## Work request:
Counting only lines that contain "foto", state the total found in the material below. Add nothing else.
Extracted entries: Begin
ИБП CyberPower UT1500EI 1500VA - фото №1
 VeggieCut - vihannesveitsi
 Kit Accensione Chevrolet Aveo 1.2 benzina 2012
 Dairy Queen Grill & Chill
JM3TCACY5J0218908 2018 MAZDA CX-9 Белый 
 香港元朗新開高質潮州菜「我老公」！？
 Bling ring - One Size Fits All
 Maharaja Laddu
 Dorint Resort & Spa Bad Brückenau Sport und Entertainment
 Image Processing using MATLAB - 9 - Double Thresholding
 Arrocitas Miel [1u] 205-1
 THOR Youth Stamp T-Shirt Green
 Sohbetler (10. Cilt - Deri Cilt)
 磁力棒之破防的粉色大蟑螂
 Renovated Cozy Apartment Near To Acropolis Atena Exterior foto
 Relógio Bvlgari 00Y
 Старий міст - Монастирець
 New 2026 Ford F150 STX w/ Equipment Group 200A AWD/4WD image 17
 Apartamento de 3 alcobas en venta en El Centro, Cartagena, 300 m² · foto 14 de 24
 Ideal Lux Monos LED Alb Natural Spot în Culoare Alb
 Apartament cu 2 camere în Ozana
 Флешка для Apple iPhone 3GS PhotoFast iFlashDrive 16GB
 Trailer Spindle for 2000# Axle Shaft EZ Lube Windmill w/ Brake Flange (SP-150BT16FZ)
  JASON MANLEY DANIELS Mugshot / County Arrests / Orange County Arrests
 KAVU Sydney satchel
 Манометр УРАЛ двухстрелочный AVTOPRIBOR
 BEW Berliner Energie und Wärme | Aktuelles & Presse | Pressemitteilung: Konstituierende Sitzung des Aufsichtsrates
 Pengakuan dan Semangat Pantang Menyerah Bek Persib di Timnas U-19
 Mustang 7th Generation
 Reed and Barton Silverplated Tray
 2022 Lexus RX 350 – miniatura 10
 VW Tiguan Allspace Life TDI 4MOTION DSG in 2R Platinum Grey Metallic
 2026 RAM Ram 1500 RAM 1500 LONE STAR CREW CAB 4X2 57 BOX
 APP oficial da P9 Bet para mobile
Extracted entries: End
## Solution to this problem:
2